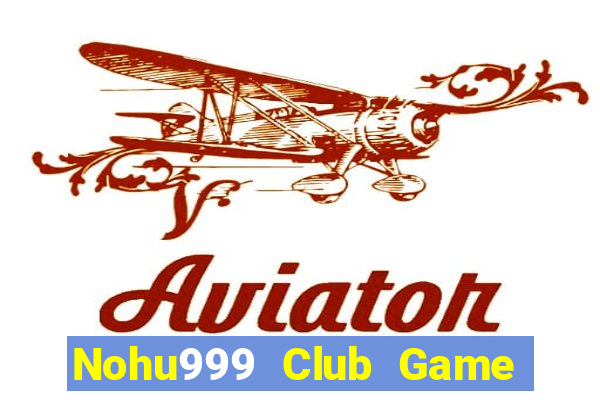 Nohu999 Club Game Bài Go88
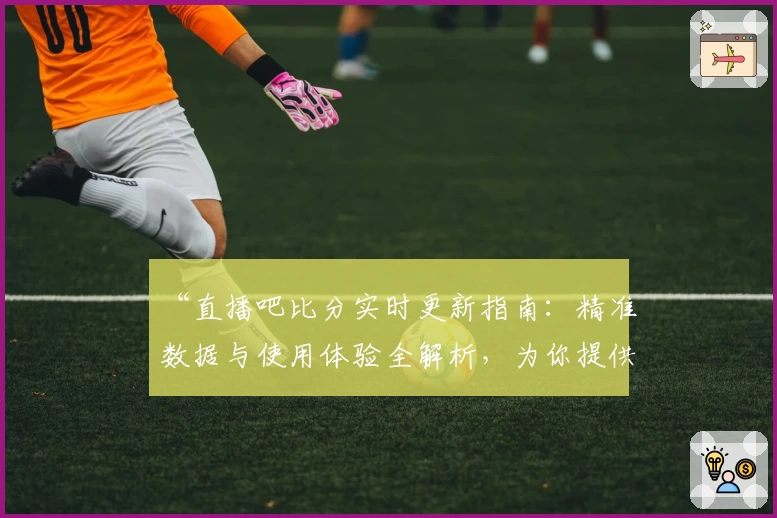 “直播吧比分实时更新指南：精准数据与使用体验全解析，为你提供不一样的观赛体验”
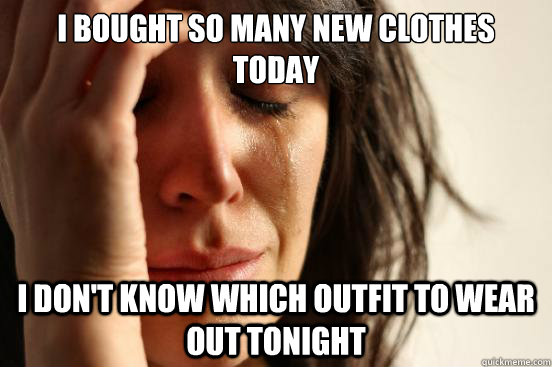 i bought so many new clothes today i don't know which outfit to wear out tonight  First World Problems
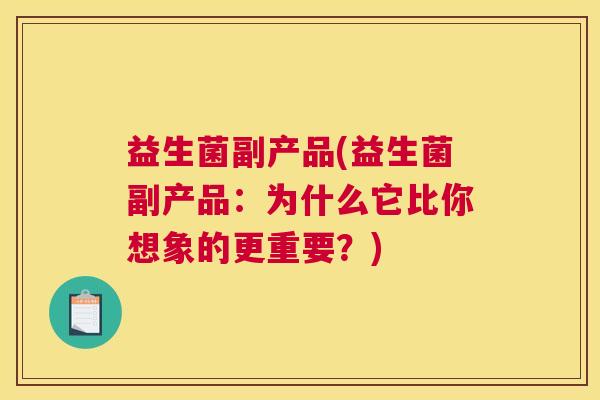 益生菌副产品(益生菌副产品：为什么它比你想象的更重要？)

--

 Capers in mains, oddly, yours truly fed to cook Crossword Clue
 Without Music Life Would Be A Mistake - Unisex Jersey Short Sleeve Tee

==

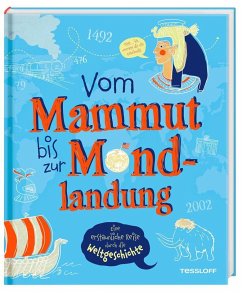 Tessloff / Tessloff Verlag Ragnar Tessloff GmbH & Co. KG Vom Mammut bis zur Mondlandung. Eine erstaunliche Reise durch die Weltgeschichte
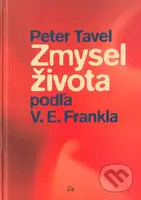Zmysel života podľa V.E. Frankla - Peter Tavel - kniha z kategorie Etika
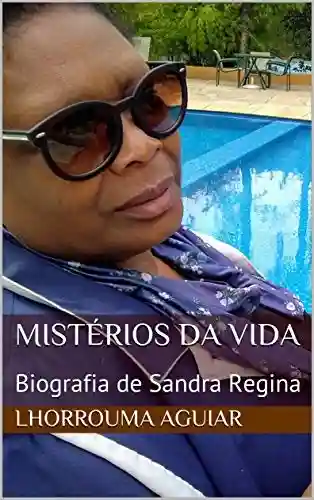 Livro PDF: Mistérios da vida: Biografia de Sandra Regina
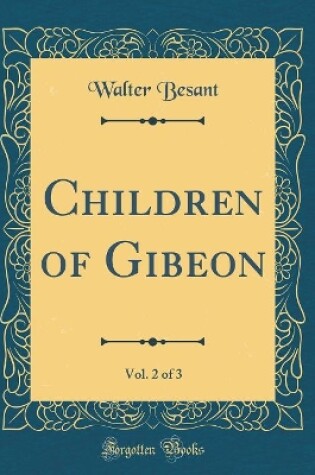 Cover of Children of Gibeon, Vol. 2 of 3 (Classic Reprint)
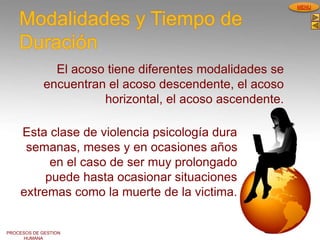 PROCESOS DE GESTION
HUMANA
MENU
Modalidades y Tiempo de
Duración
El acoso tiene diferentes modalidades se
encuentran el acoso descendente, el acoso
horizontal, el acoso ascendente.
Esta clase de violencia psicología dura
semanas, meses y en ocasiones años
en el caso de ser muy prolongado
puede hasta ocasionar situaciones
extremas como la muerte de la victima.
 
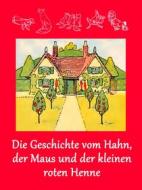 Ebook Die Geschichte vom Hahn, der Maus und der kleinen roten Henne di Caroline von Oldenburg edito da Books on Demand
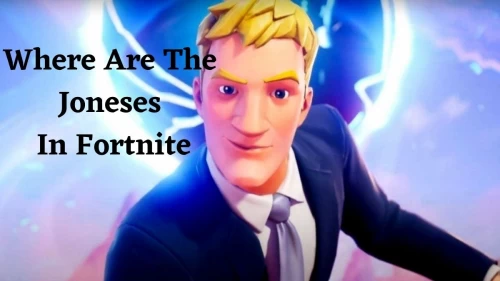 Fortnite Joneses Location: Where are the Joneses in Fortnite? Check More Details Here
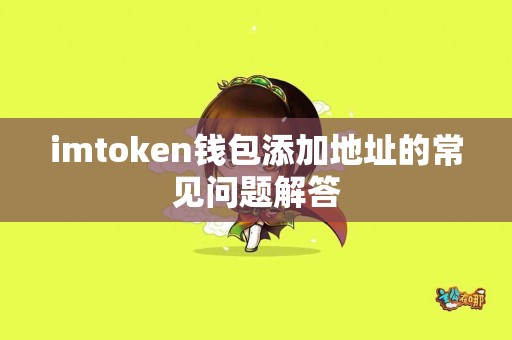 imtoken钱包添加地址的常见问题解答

**Problem requirements**
Pull out each line of the records holding the string "acoso".

**Task output**
El acoso tiene diferentes modalidades se
encuentran el acoso descendente, el acoso
horizontal, el acoso ascendente.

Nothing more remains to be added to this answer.